Effects of Common Illnesses on Diving Safety

By Steve Guglielmo and Dr. Brian Bourgeois

In an ideal world, all divers will come to the work site feeling completely healthy. However, just as with any other job, divers are human. They get sick. Unlike with a desk job, however, when a diver isn’t feeling their best, safety becomes an issue. Commonly, three different illnesses can affect divers and the general population. Those are the common cold, the flu and bronchitis.

The common cold is caused by a virus. It is not caused by bacteria and antibiotics will not cure the common cold. The symptoms associated with the illness; congestion of the nasal passages, sinus and ears, runny nose, non-productive cough and a feeling of tiredness are common and are best treated with over the counter remedies such as decongestants and non-sedating anti-histamines. For a diver, the normal function of the eustachian tubes and sinuses are very important. A diver who is congested may not be able to clear or respond to pressure changes. They may develop barotrauma of the ear or sinus structures, suffer vestibular symptoms and subsequently compromise their safety. The diver suffering from a cold or having these symptoms should be appropriately managed prior to diving. Furthermore, sharing helmets and personal equipment is a sure way to get others sick.

Bronchitis is an inflammatory condition of the airways of the lung. It directly affects the lungs ability to move air and may affect the normal gas exchange.

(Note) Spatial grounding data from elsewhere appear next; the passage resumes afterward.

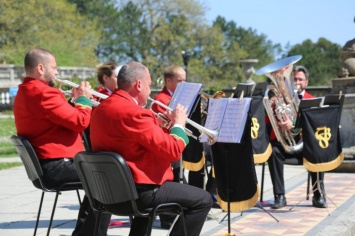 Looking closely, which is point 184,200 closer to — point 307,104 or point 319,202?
point 307,104

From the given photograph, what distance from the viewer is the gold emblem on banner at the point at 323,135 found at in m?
8.67

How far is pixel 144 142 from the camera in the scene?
5219 millimetres

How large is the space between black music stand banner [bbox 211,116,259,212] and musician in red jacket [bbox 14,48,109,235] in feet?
3.95

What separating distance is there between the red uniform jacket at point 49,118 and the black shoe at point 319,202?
3.38m

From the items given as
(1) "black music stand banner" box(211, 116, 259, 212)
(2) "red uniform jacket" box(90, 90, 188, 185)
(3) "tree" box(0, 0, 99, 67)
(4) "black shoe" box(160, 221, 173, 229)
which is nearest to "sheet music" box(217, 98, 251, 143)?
(1) "black music stand banner" box(211, 116, 259, 212)

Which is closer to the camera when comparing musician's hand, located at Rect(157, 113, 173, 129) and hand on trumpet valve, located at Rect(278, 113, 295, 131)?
musician's hand, located at Rect(157, 113, 173, 129)

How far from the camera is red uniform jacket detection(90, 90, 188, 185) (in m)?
5.23

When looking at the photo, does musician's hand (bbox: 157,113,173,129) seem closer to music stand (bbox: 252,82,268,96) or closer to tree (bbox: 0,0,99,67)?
music stand (bbox: 252,82,268,96)

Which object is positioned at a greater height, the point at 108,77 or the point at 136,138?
the point at 108,77

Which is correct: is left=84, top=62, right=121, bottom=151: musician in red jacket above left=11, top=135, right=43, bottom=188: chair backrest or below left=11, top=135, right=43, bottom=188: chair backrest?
above

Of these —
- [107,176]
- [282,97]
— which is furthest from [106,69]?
[107,176]

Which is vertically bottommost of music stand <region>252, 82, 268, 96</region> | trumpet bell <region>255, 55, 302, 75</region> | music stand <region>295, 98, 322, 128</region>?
music stand <region>295, 98, 322, 128</region>

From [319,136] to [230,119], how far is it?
102 inches

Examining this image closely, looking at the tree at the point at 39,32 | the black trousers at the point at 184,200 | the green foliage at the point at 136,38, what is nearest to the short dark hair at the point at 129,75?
the black trousers at the point at 184,200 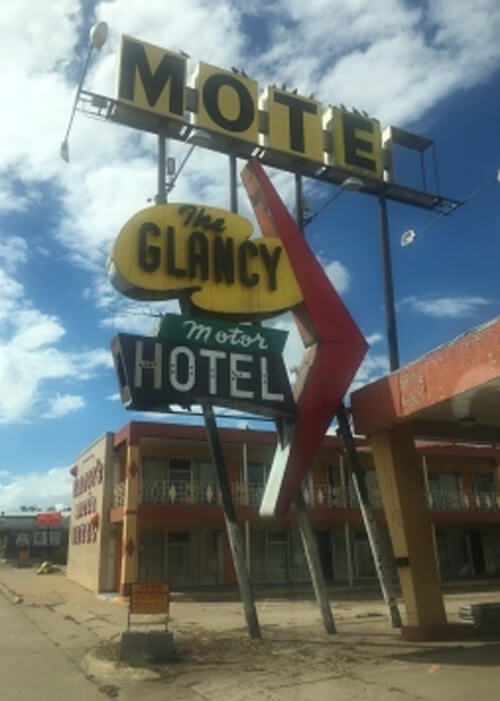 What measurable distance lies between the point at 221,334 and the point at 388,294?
20.2 ft

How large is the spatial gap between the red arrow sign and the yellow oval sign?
38cm

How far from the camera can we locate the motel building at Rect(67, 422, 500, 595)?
83.4 ft

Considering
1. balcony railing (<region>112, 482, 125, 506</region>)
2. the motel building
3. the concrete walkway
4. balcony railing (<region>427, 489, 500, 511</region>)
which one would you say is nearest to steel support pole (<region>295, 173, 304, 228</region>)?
the concrete walkway

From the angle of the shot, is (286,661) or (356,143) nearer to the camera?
(286,661)

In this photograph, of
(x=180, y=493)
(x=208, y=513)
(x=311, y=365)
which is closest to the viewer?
(x=311, y=365)

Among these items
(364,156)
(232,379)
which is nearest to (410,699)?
(232,379)

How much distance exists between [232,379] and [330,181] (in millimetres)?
8754

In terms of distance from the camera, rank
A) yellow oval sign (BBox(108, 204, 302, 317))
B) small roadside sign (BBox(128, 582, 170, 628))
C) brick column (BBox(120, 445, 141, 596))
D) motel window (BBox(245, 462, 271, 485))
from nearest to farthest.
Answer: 1. small roadside sign (BBox(128, 582, 170, 628))
2. yellow oval sign (BBox(108, 204, 302, 317))
3. brick column (BBox(120, 445, 141, 596))
4. motel window (BBox(245, 462, 271, 485))

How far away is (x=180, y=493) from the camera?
26.8 metres

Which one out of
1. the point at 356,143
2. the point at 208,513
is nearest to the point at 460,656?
the point at 356,143

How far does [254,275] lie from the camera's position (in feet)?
50.8

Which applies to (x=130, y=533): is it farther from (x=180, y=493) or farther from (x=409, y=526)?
(x=409, y=526)

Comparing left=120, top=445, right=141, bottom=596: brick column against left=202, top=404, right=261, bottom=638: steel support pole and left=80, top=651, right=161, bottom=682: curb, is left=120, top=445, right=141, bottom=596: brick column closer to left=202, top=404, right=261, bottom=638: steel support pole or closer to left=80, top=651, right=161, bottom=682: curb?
left=202, top=404, right=261, bottom=638: steel support pole

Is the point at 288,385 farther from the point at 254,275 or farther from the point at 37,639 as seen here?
the point at 37,639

The flu is also a virus, influenza. It mutates and every year the strain is different. Hence, the success of the flu vaccine varies year over year. Despite this, vaccination is highly beneficial. Influenza causes high fever, lethargy, and body aches. This triad of symptoms is classic. The flu is a contraindication to diving. The illness is highly contagious and produces a severe, systemic inflammatory response in the affected individual. Complete rest and recovery is the only option. Any diver with the flu should be specifically kept from diving during that period of time and must be seen by a dive medical officer prior to returning to diving.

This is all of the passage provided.